Task brief: What follows is a listing; repeat exactly, and only, its lines from the one holding "Joyful black young-adult" through the last, leaving any pictures out.

Data extract:
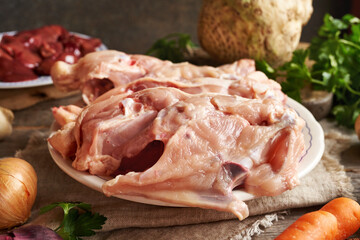 Fresh chicken backs, liver and vegetables - Ingredients for bone broth or soup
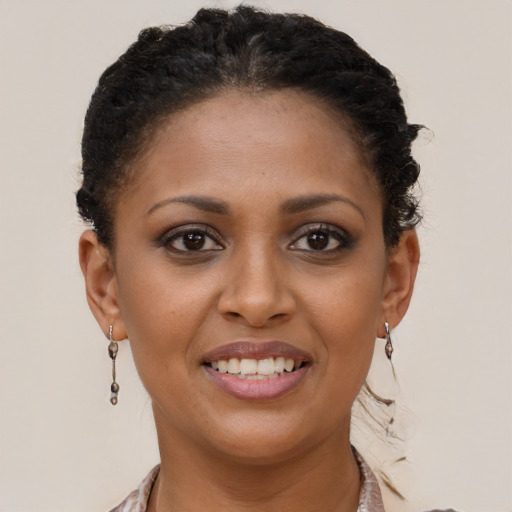 Joyful black young-adult female with short  brown hair and brown eyes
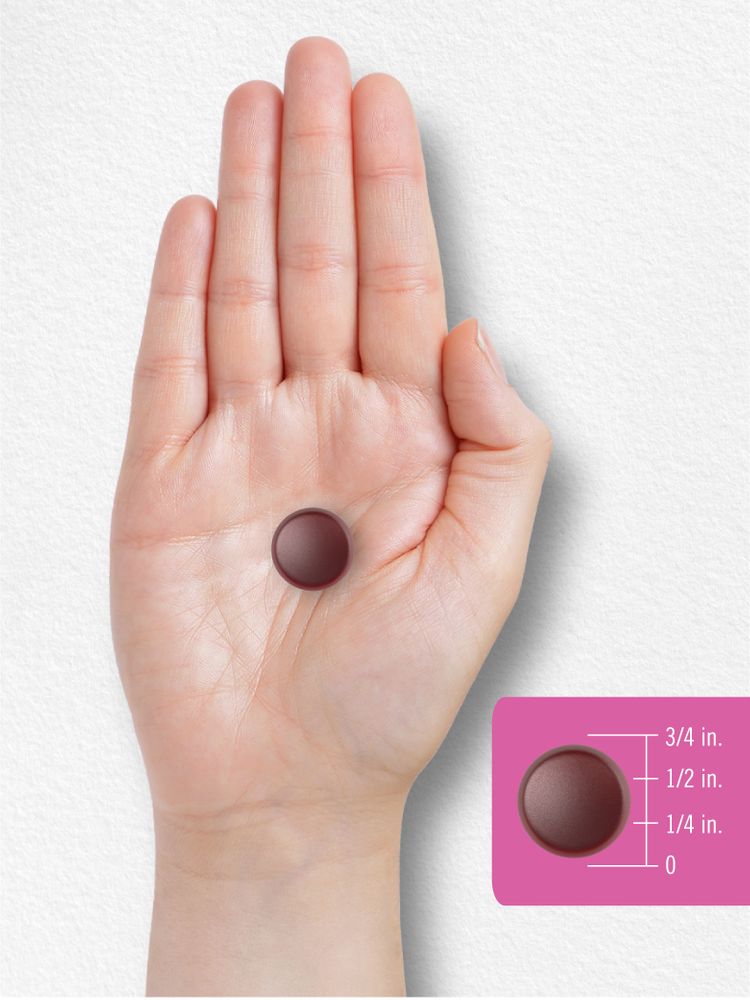 A gummy candy, 3/4 inch in diameter, shown on a hand scale for size comparison.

Completed task:
 Joyful black young-adult female with short  brown hair and brown eyes
 A gummy candy, 3/4 inch in diameter, shown on a hand scale for size comparison.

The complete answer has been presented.